2 Bogut's? You got a clone machine?


----------



## Geaux Tigers

TONYALLEN42 said:


> Bogut, okafor and Bogut would be lethal!!


Does anyone else see a slight trace of Duncan and Robinson with those two. Not the skills of those two but the skillset.

Thatd be cool to see...


----------



## AnaMayShun

I'm not a Bobcats fan, but I do live in NC. I think the Bobcats would be foolish not to draft Bogut. Even if he's not 7'0, he'd be a good compliment to Okafor. Although I think Bogut would start the year behind Brezec. And if they did happen to draft Bogut, and wanted to play big ball, they could throw Brezec, Bogut, and Okafor out there all at once.


----------



## Jermaniac Fan

Bogut


----------



## jaja

Well Bobcats say thye like Warrick and I think they will go after Chris Paul. They have enough big men since Okafor and Brezec work well together. Bogut wouldn't help out as much, and im not sold on him yet. The hype is ttoo much.

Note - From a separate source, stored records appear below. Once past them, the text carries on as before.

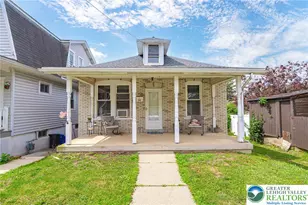 1202 Wiley St, Fountain Hill Boro, PA 18015 - Photo 3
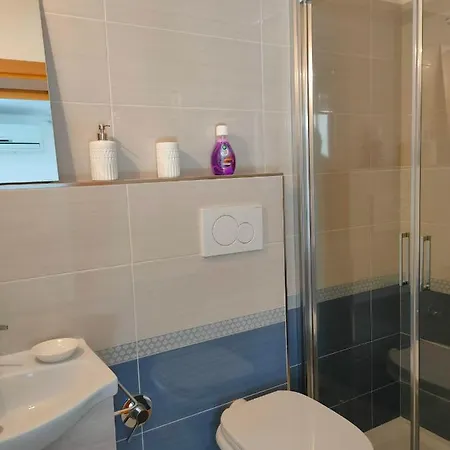 招待所 Holidays 加埃塔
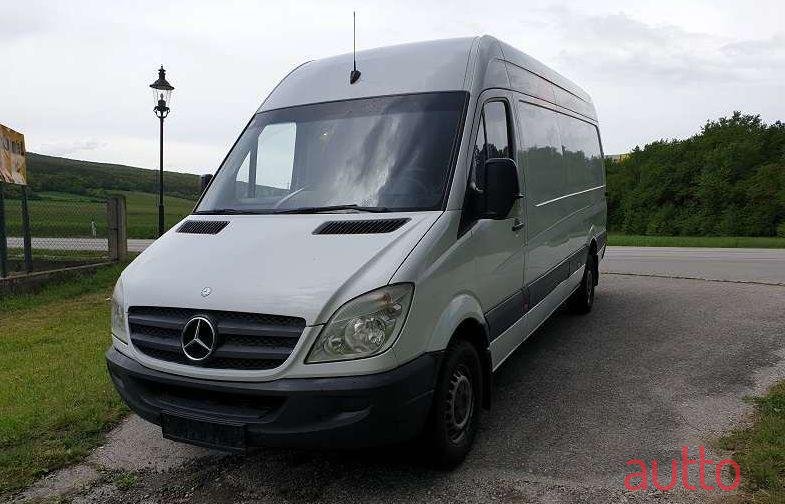 2009' Mercedes-Benz Sprinter photo #3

I want them to take a perimeter player, so im for Paul.


----------



## Charlotte_______

jaja said:


> Well Bobcats say thye like Warrick and I think they will go after Chris Paul. They have enough big men since Okafor and Brezec work well together. Bogut wouldn't help out as much, and im not sold on him yet. The hype is ttoo much.
> 
> I want them to take a perimeter player, so im for Paul.


This whole post is full of flaws. Bobcats say they like Warrick? Rick Bonnel made one story about him, he covers the Bobcats, but he has no say in who they pick, he hasn't even talked to any staff for the Bobcats. Why would they tell a journalist? Okafor and Brezec work well together, but they aren't a force. Both players numbers are high because of their status on an expansion team, great players none the less, but a Bogut and Okafor combo would be better. Bogut is everything Brezec isn't. Bogut won't help much? You mean besides leading his team this far? Making it to the Sweet 16? He is the most NBA ready player this year, we better take. Just like we took the most NBA ready player last year. And this so-called "HYPE" is not, he held his own against many NBA players just a couple of years ago. Hes showed hes tough, a good player and a must need player if you want to have a chance to win. And Paul is NOT a perimeter player, i'd rather have Brevin Knight than Paul.


----------



## Drewbs

If we don't draft Bogut, then we'd better draft Marvin.


----------



## jalen5

_Dre_ said:


> Marvin Williams. You get your pillar in the post, and your star on the wing, and you have the beginnings of a nice nucleus. Williams will be the best player out of this draft. He's phenomenal, even moreso than Bogut IMO. I have my doubts as to how good Bogut will actually be. I think Marvin Williams is potentially a franchise player. Not so sure about Bogut.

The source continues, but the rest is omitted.